`declearn.optimizer.modules.AdamModule`

Bases: OptiModule

Adaptive Moment Estimation (Adam) module.

This module implements the following algorithm:

Init(beta_1, beta_2, eps):
    state_m = 0
    state_v = 0
Step(grads, step):
    state_m = beta_1*state_m + (1-beta_1)*grads
    state_v = beta_2*state_v + (1-beta_2)*(grads**2)
    m_hat = state_m / (1 - beta_1**step)
    v_hat = state_v / (1 - beta_2**step)
    grads = state_m / (sqrt(v_hat) + eps)

In other words, gradients are first momentum-corrected, as is the accumulated sum of squared past gradients. Both are bias-corrected, then the former are scaled down based upon the latter AdaGrad-style (indirectly adapting the learning rate) and returned. This is the Adam [1] algorithm.

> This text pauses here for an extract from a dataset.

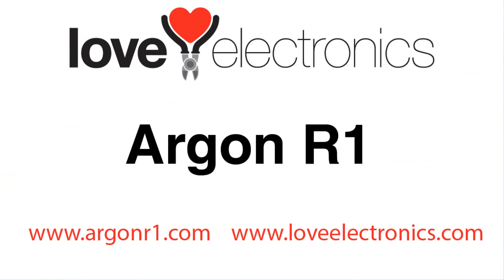I hope you've enjoyed this tutorial. It's quite short. I'll post the code online on our forum loveelectronics.co.uk forward slash forum. And remember to run this application you're going to need the latest firmware on your Argon R1. You can download that from argonr1.com. If you'd like any tutorials make sure you register at the forum and let us know what you'd like.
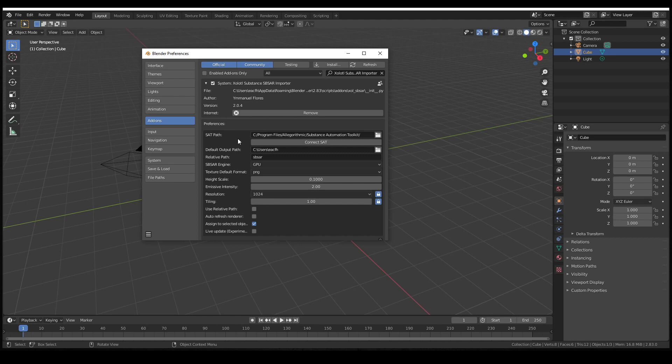For Mac and Windows, the path will already be filled with the correct default path. So if you did a standard installation of the toolkit, you don't need to change anything.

Optionally, the AMSGrad [2] algorithm may be implemented, with a similar formula but using the element-wise maximum of present-and-past v_hat values as a scaling factor. This guarantees that the learning rate is shrinked across time, at least from the point of view of this module (a warm-up schedule might for example counteract this).

References

[1] Kingma and Ba, 2014. Adam: A Method for Stochastic Optimization. https://arxiv.org/abs/1412.6980
[2] Reddi et al., 2018. On the Convergence of Adam and Beyond. https://arxiv.org/abs/1904.09237

Source code in declearn/optimizer/modules/_adaptive.py

class AdamModule(OptiModule):
    """Adaptive Moment Estimation (Adam) module.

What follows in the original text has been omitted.